WHAT THE EXERCISE ASKS: Among the lines below, keep only those from the one containing "a wooden gate" through the one containing "Una madre y", and reproduce them exactly.

*** SUPPLIED DATA ***

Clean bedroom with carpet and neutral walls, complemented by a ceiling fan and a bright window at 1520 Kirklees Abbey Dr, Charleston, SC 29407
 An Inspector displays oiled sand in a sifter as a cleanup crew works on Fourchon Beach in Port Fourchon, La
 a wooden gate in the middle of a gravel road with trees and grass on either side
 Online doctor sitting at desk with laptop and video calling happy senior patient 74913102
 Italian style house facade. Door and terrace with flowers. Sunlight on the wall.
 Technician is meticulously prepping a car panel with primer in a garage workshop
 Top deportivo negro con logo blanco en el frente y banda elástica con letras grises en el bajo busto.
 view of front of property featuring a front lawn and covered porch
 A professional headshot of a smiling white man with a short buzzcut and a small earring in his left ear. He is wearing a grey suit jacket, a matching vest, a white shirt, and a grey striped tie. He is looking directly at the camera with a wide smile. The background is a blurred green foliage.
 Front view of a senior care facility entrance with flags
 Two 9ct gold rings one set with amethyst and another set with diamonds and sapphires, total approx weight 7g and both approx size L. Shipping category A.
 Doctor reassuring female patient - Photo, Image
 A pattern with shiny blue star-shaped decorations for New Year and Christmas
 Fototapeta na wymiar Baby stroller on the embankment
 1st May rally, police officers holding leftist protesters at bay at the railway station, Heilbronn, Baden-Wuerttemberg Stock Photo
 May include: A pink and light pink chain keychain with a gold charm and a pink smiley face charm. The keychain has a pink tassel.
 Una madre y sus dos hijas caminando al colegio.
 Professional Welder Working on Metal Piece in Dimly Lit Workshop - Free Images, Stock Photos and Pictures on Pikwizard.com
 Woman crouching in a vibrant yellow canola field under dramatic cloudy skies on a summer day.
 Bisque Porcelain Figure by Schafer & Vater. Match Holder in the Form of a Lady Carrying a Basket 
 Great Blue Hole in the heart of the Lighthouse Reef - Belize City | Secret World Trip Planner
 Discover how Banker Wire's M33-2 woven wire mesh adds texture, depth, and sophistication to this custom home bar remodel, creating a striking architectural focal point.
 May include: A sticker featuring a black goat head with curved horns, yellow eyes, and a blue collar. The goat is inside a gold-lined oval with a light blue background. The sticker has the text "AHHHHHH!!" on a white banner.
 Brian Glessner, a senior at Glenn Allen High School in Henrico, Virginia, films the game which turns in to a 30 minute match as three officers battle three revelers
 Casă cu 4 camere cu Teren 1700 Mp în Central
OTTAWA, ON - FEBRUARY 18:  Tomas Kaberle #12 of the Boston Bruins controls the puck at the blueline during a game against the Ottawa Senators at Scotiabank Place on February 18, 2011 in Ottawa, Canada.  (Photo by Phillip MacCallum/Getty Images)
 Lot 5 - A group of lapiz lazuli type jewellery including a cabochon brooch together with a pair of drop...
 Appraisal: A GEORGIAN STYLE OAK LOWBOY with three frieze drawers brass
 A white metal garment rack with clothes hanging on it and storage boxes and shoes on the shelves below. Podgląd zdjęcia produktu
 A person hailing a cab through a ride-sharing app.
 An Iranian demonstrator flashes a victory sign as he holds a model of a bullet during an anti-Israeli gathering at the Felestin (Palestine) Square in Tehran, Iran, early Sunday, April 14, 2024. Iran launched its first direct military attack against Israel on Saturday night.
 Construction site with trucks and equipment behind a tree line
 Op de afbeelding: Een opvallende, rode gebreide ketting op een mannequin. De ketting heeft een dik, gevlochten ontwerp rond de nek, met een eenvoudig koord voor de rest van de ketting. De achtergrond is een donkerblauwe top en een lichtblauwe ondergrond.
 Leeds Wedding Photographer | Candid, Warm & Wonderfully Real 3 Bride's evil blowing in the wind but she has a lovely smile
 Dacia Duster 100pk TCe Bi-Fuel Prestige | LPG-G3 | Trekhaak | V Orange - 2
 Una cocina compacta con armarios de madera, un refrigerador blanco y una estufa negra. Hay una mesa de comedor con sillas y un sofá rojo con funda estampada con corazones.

***

ANSWER FOR THE TASK:
 a wooden gate in the middle of a gravel road with trees and grass on either side
 Online doctor sitting at desk with laptop and video calling happy senior patient 74913102
 Italian style house facade. Door and terrace with flowers. Sunlight on the wall.
 Technician is meticulously prepping a car panel with primer in a garage workshop
 Top deportivo negro con logo blanco en el frente y banda elástica con letras grises en el bajo busto.
 view of front of property featuring a front lawn and covered porch
 A professional headshot of a smiling white man with a short buzzcut and a small earring in his left ear. He is wearing a grey suit jacket, a matching vest, a white shirt, and a grey striped tie. He is looking directly at the camera with a wide smile. The background is a blurred green foliage.
 Front view of a senior care facility entrance with flags
 Two 9ct gold rings one set with amethyst and another set with diamonds and sapphires, total approx weight 7g and both approx size L. Shipping category A.
 Doctor reassuring female patient - Photo, Image
 A pattern with shiny blue star-shaped decorations for New Year and Christmas
 Fototapeta na wymiar Baby stroller on the embankment
 1st May rally, police officers holding leftist protesters at bay at the railway station, Heilbronn, Baden-Wuerttemberg Stock Photo
 May include: A pink and light pink chain keychain with a gold charm and a pink smiley face charm. The keychain has a pink tassel.
 Una madre y sus dos hijas caminando al colegio.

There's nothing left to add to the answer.